Attentif à cette force du Ki, on est souvent émerveillé par la manière dont un enfant rebondit, « retombe sur ses pattes », dans les moments plus difficiles de la vie : on est surpris de le voir repartir dans ses activités avec toute son énergie après une chute assez dure ; voyez-le encore se mettre spontanément en repos lors d'un refroidissement et repartir ensuite de plus belle. Dans tous les cas, il sera aidé par le regard confiant de son entourage.

Dans la perspective de Noguchi, il ne faudrait pas affaiblir cette force vitale toute neuve chez les enfants mais au contraire la favoriser, s'en faire une alliée. C'est une attitude de confiance envers cette force naturelle qui est préconisée.

Si Noguchi donne des conseils sur la réprimande, c'est pour que les parents à qui il s'adresse tiennent compte de cette énergie de l'enfant. La réprimande deviendra alors une intervention favorable, aidante et elle se rapprochera presque de la louange.

Le Ki en japonais ancien

La force est en lui. Comme on vient de l'expliquer, la force est dans l'enfant ! Et il s'agit de lui faire confiance et de s'en faire une alliée même dans la réprimande.

Voici une page entière d'une intervention de Maître Noguchi :

Quand on fait une réprimande, il ne s'agit pas d'atteindre l'autre personne dans ses points faibles. Il s'agit plutôt de donner à ses points forts l'occasion de se développer, c'est une influence de cette nature qui constitue à proprement parler le sens de la réprimande. Par conséquent, ne faire que s'attaquer aux points faibles de l'autre personne n'est pas réprimander. Il y a des parents qui disent à leur enfant : « Tu n'es pas très intelligent, alors si tu ne travailles pas beaucoup, tu ne pourras avoir d'aussi bons résultats qu'Untel ou Untel ». L'enfant en vient alors à croire qu'il n'est pas très intelligent et que, même s'il travaille dur, cela ne va pas faire beaucoup de différence ; et il se dit « Non, je ne vais pas me mettre à travailler ». Plutôt que de dire : « Tu n'es pas très intelligent, donc il faut que tu travailles », il est beaucoup plus utile de dire : « Ta tête est tout à fait à fait de celle qui deviennent plus intelligente quand on s'en sert, alors pourquoi ne t'en sers-tu pas un peu plus ? »

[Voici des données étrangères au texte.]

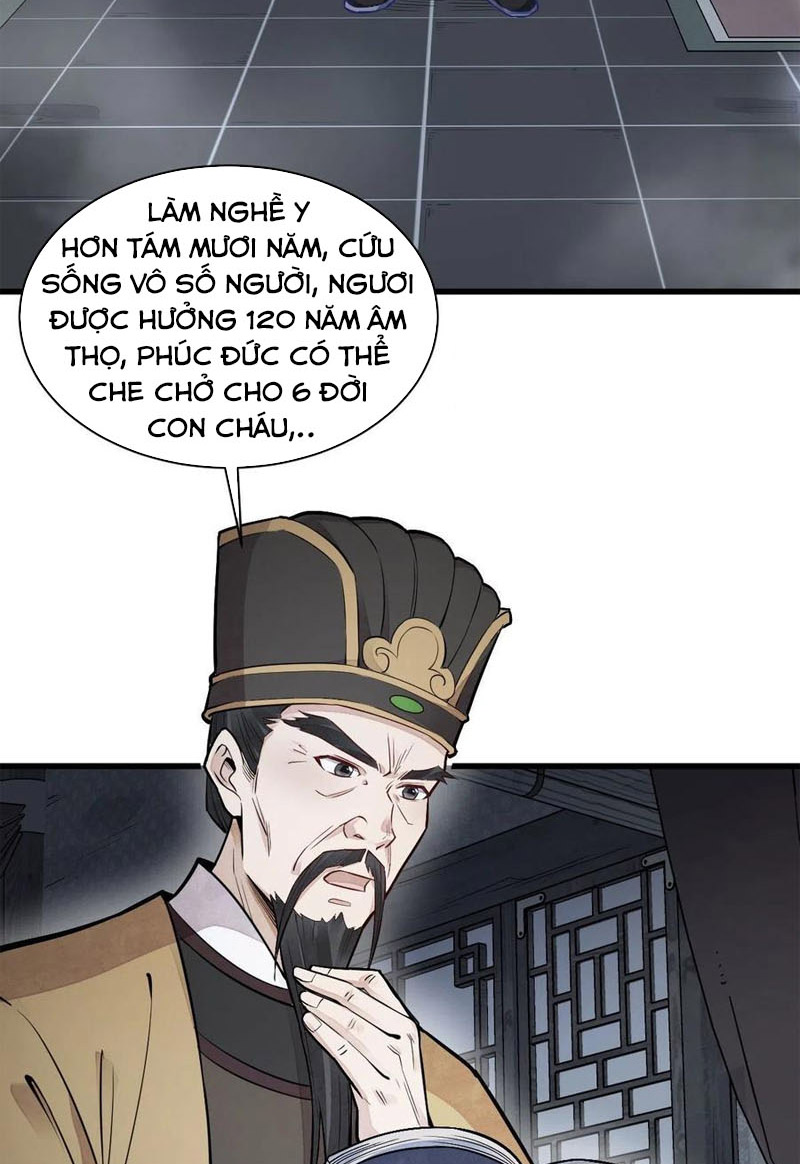 Lạn Kha Kỳ Duyên Chapter 115 - Hamtruyen.vn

« Attaquer quelqu'un à son point faible, comme si on cherchait à pénétrer avec un poignard dans la faille de son armure, n'est décidément pas la méthode à suivre avec un enfant, ni avec son conjoint. Le seul résultat de ce genre d'attitude, c'est qu'on blesse l'autre personne. Une vraie réprimande est empreinte de chaleur, inspire l'autre personne quand elle l'entend, et s'exprime par des mots qui font appel à la force à l'intérieur du corps de cette personne. Ce que vous dites doit donc être plein d'amour et doit être bref ; et de plus vous devez trouver les mots qui vont changer l'état d'esprit de l'autre personne. Il faut parler succinctement et de manière à ce que l'autre personne vous comprenne facilement. »

Tout un programme ! Et les articles suivants donneront encore des précisions.